If you're an engineer your need to stay up to date with the technical
evolution: coding standards, frameworks, languages & trends.

If you switch into a management role, you need to be strictly organized
(accuracy, punctuality, reliability), a good salesman for binding and
motivating the project stakeholders AND all the engineering skills mentioned
above.

I've switched into management 8 years ago and (even if it does not sound
really nice) i need to know everything better than my envolved colleagues to
decide if they're on track.

------
tixocloud
I made the transition from engineer to strategy consulting to manager on the
business side of things so hopefully my commentary will give you a different
perspective.

And I know how you feel as well because I was there. I thought I was limited
down the Software Engineer path. The reason why I stepped into the business
side of things is to build my skillsets in case I wanted to start my own
company.

As a Manager, what most folks have mentioned is true whether you're an
Engineering Manager or a Business Manager - you need to always be on top of
things making sure that everything is running smoothly and to address the
issues when things aren't smooth.
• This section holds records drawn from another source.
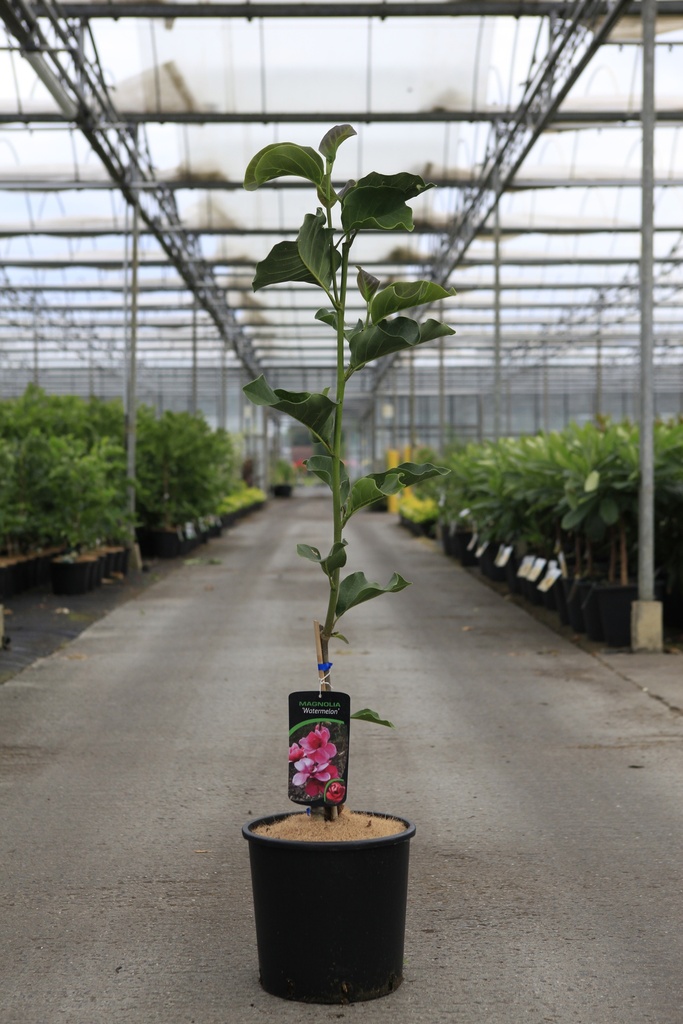 [P] Magnolia 'Watermelon' cont. 12L 80-100 cm +ф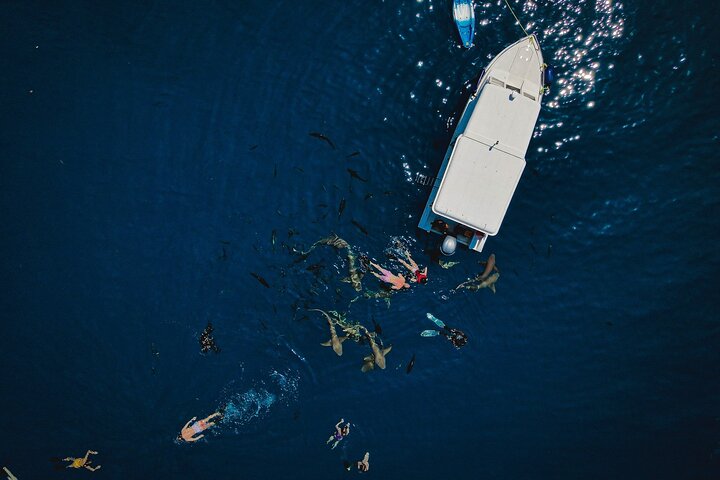 Maafushi: Ship wreck & Nurse shark snorkeling with Dolphin watching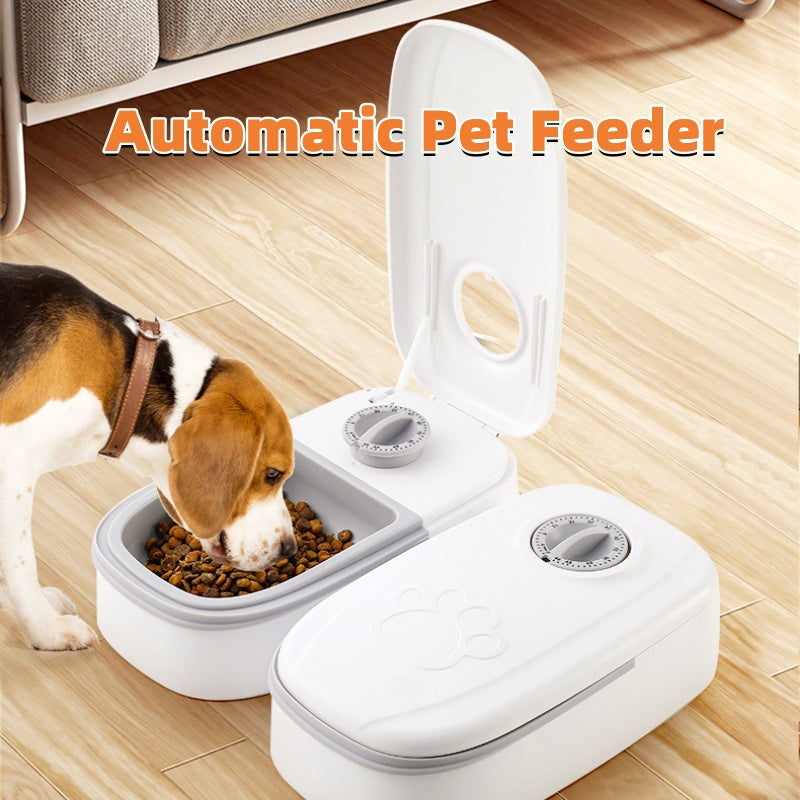 Pawsitive4s smart timed automatic pet feeder stainless steel bowl – Grey, Double meal, front view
You'll be solving problems related to humans
and time (i.e. allocating resources, project planning, budgetary constraints)
as opposed to engineering problems.

You'll have to put on your sales person hat to sell ideas on why things can
and cannot be done (i.e. why can't we complete XY feature in 2 weeks? Why
adding more developers won't speed up the project? Why we need an additional
server for development?)

If you're further up the chain in management, you'll have to put on your
strategic hat to understand how your department sizes up against the other
department. You'll also be the first person the CEO contacts when things don't
go right. You'll be expected to weigh in on all things tech related and give
recommendations on what the business should and shouldn't do from a tech
perspective.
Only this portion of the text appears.